Minimum element lengths are calculated using one of two methods:

The shortest edge of the element. This method is used for non-tetrahedral 3D elements.
The shortest distance from a corner node to its opposing edge (or face, in the case of tetra elements); referred to as "minimal normalized height".

Skew

Deviation of an element’s corners from 90 degrees (for quads) or 60 degrees (for trias).

The check calculates skew by finding:

$= \sum_{i = 1}^{4} | 90 - α_{i} |$ for quadrilaterals
$= \sum_{i = 1}^{3} | 90 - α_{i} |$ for triangular elements

Where alpha is the angle of each corner. An ideal/equilateral element has a skew of zero, as none of its corners deviate from the target (90 or 60 degrees).

Taper

Taper ratio for the quadrilateral element is defined by first finding the area of the triangle formed at each corner grid point.

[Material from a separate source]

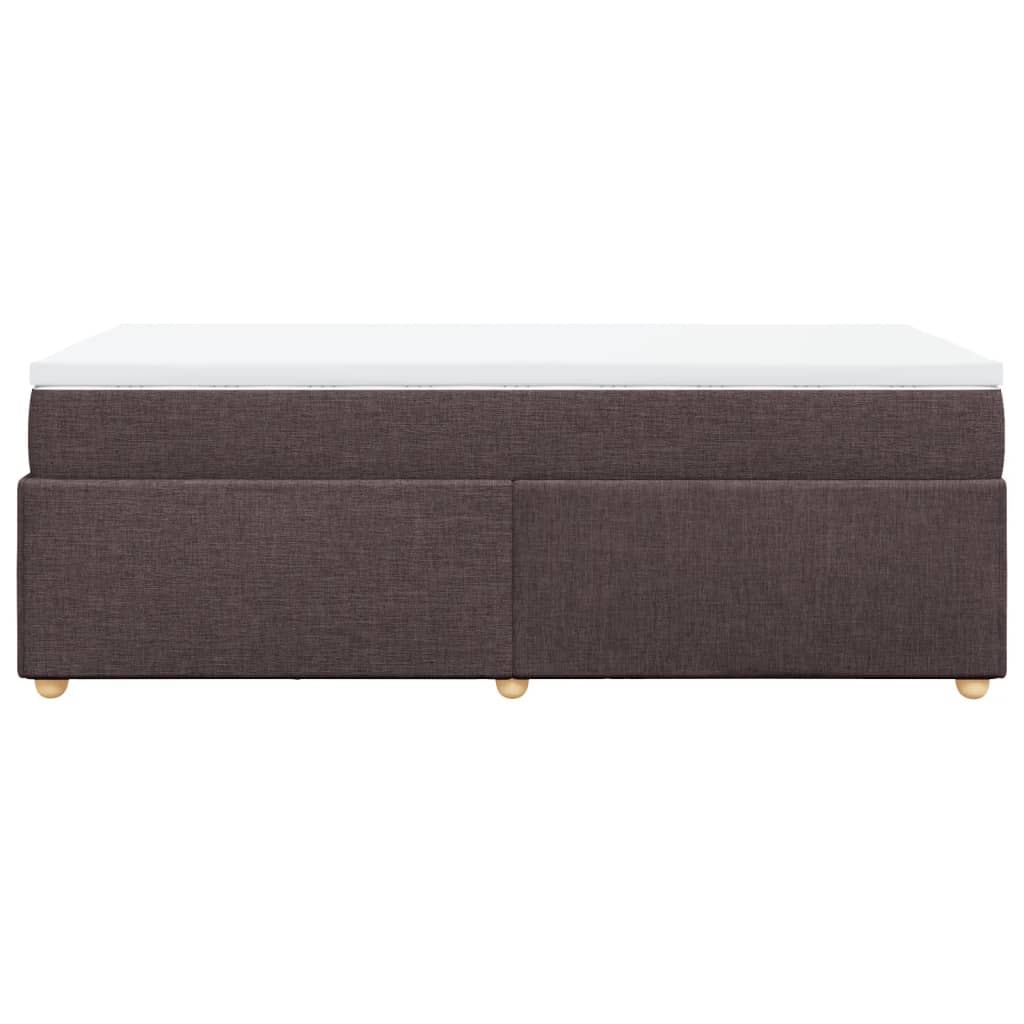 vidaXL Κρεβάτι Boxspring με Στρώμα Σκούρο Καφέ 90x200 εκ. Υφασμάτινο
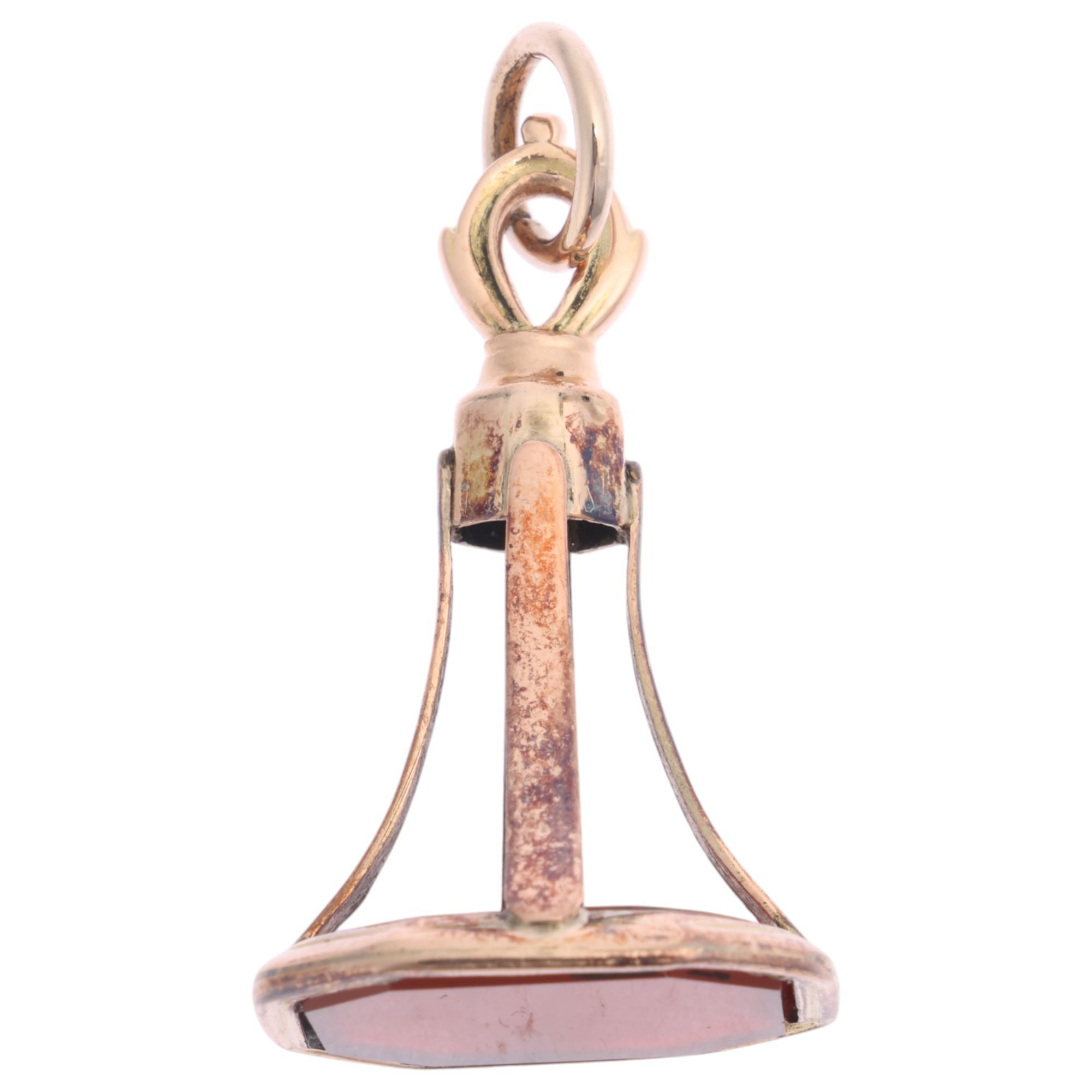An Antique Georgian carnelian hardstone fob, unmarked mount tests as 9ct rose gold, panel 14.8mm x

These areas are then compared to one half of the area of the quadrilateral.

HyperWorks CFD then finds the smallest ratio of each of these triangular areas to ½ the quad element’s total area. In the diagram above, "a" is smallest. The resulting value is subtracted from 1, and the result reported as the element taper. This means that as the taper approaches 0, the shape approaches a rectangle.

t a p e r = 1 - {(\frac{A_{t r i}}{0.5 \times A_{q u a d}})}_{\min}

Triangles are assigned a value of 0, in order to prevent HyperWorks CFD from mistaking them for highly-tapered quadrilaterals and reporting them as "failed".

Warpage

The amount by which an element, or in the case of solid elements, an element face, deviates from being planar. Since three points define a plane, this check only applies to quads. The quad is divided into two trias along its diagonal, and the angle between the trias’ normals is measured.

3D Element Only Checks

Stretch (volume aspect ratio)

Stretch is evaluated differently depending on whether the element is a tetrahedron, Wedge, Brick, or Pyramid.

Tetras: The radius of the largest sphere that fits within the element is divided by the longest edge. This value is then multiplied by the square root of 24.
Wedges: Each face is evaluated for its 2D stretch, and the worst value is reported. This means that the value reported for vol AR should always be the same as that reported for aspect.
Bricks: The minimum edge length is divided by the maximum diagonal length. The result is multiplied by the square root of 3.
Pyramids: No check is defined, so HyperWorks CFD performs its standard check in which each face is evaluated as a 2D object and the worst result reported.